**Exercise objective**
Restrict the output to the lines below starting at the one that contains "Damen Maxikleid –" and ending at the one that contains "Kleid mit gepunkteten Tüll Einsätzen", and restate them word for word, both ends included.

□ □ □ □ □ □ □

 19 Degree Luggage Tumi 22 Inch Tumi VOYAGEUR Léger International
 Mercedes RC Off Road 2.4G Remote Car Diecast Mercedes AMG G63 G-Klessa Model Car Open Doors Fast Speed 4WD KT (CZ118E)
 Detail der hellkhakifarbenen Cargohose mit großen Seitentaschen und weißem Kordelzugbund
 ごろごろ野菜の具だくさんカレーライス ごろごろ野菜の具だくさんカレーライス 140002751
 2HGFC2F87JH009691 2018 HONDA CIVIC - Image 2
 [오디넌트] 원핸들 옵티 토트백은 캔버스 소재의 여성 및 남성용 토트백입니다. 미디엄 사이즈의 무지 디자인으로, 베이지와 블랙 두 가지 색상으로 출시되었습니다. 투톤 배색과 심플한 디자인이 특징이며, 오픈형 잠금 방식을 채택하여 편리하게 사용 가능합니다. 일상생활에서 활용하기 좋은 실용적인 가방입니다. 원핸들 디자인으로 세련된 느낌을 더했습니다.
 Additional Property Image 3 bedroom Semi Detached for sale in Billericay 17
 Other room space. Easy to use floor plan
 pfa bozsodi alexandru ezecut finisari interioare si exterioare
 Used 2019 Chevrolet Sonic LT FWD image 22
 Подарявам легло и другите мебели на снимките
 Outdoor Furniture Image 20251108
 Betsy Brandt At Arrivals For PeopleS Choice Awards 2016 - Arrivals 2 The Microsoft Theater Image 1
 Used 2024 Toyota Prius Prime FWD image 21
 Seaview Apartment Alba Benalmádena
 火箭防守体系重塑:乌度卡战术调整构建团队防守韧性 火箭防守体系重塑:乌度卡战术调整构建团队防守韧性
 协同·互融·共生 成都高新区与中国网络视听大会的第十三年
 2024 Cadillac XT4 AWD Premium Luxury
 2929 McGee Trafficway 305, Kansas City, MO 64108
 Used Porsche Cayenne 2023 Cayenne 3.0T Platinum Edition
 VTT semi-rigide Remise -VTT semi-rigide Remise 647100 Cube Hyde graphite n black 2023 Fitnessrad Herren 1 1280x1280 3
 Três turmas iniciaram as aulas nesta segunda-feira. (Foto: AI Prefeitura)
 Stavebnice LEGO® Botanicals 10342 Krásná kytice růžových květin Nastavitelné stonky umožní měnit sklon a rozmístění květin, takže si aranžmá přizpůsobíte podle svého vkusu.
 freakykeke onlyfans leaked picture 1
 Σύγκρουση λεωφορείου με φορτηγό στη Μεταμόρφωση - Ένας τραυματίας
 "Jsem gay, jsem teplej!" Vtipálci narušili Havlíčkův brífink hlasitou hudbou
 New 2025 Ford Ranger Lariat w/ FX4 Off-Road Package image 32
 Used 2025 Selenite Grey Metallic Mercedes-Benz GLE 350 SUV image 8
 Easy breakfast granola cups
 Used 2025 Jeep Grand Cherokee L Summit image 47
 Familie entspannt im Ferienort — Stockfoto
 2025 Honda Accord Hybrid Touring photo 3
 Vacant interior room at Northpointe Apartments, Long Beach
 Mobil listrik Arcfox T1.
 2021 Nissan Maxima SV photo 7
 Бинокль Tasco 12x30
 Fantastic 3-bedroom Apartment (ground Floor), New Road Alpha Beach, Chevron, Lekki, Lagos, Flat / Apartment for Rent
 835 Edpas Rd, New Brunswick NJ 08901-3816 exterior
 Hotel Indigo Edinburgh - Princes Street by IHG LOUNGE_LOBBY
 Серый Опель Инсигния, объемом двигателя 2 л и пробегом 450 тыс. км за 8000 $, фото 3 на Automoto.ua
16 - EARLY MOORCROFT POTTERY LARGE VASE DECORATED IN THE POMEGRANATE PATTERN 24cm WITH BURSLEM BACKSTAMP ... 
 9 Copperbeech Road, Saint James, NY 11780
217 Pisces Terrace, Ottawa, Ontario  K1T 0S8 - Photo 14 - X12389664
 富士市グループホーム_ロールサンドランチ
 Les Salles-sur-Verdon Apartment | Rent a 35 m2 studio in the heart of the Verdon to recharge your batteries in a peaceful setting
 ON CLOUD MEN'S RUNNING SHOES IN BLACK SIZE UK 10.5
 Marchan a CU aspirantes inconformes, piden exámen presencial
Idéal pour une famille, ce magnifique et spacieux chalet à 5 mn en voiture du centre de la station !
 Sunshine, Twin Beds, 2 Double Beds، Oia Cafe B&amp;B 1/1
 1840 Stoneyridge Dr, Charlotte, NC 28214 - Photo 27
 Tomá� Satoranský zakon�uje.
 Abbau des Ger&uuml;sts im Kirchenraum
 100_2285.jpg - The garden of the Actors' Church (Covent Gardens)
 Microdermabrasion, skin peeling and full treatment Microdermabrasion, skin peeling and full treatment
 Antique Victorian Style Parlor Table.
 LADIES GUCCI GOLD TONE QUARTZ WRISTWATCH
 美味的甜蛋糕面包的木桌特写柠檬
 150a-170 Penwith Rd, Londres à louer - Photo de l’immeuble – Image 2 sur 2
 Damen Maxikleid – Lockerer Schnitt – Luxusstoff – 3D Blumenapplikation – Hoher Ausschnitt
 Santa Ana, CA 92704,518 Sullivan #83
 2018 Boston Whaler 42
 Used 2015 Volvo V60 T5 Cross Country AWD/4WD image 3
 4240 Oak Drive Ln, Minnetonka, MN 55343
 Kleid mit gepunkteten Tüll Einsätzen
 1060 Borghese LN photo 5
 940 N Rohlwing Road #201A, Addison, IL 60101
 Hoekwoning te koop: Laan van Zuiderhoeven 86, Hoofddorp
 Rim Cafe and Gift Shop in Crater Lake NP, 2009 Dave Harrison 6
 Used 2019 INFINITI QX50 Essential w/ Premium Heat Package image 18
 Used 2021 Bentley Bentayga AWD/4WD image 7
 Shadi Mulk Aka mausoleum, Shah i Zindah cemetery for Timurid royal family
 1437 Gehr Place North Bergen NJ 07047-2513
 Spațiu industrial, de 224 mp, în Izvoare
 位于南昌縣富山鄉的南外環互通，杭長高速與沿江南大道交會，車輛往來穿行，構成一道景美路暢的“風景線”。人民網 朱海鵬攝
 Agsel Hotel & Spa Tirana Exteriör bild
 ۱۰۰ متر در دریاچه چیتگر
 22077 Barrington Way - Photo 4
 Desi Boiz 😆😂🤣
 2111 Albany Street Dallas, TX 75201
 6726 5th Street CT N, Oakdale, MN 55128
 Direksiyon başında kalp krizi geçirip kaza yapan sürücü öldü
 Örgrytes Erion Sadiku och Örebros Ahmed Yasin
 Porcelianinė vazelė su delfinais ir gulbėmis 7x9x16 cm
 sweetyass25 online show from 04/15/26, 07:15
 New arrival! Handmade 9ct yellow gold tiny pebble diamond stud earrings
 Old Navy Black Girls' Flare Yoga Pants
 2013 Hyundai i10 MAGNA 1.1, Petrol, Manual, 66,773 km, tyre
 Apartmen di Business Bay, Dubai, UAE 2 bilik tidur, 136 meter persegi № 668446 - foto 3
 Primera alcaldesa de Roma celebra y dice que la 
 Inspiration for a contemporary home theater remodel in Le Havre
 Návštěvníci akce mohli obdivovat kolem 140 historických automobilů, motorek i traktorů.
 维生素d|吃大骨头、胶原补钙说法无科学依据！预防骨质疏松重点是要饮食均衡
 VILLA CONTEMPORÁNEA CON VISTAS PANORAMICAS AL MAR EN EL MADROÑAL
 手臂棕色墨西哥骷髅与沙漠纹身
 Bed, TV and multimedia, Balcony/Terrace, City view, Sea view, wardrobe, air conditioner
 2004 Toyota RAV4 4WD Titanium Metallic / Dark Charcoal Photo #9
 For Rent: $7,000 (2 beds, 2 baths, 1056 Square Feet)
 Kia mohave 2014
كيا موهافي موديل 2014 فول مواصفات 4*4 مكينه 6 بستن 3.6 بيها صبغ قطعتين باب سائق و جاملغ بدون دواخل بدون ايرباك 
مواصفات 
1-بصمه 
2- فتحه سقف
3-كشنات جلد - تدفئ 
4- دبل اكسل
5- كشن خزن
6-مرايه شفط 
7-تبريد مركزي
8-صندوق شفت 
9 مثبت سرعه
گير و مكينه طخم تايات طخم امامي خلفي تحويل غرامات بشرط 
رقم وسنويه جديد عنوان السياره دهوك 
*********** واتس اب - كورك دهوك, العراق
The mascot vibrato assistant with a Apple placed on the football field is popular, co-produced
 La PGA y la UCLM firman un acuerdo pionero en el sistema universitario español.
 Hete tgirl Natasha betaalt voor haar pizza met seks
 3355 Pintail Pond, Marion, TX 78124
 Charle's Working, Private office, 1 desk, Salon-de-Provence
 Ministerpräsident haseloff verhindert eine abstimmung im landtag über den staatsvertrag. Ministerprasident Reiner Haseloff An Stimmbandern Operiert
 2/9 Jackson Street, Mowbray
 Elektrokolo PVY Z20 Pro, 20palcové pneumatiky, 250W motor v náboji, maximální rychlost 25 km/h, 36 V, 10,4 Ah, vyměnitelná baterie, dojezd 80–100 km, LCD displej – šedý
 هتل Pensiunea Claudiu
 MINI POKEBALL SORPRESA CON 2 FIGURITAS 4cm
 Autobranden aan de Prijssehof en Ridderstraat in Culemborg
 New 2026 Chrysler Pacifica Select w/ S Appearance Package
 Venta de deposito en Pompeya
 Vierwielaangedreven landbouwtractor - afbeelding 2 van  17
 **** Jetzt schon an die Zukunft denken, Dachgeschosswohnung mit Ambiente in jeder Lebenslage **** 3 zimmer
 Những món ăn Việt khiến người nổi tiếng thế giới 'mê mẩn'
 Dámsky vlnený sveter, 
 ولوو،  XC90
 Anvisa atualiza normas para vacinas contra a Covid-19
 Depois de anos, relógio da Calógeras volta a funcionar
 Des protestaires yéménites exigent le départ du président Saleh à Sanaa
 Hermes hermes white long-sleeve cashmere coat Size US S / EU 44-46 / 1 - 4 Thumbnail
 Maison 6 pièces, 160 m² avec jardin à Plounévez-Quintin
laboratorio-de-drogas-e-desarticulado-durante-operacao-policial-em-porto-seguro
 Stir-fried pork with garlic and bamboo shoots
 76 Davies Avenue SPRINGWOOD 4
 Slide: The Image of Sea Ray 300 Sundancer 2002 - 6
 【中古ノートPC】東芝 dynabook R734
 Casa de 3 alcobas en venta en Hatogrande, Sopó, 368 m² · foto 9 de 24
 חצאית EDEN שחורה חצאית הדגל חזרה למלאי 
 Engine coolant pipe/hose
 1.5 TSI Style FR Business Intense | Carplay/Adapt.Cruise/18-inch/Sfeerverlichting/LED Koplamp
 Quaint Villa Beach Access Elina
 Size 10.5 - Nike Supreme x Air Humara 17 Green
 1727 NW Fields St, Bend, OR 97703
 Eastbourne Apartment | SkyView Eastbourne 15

□ □ □ □ □ □ □

**Expected answer**
 Damen Maxikleid – Lockerer Schnitt – Luxusstoff – 3D Blumenapplikation – Hoher Ausschnitt
 Santa Ana, CA 92704,518 Sullivan #83
 2018 Boston Whaler 42
 Used 2015 Volvo V60 T5 Cross Country AWD/4WD image 3
 4240 Oak Drive Ln, Minnetonka, MN 55343
 Kleid mit gepunkteten Tüll Einsätzen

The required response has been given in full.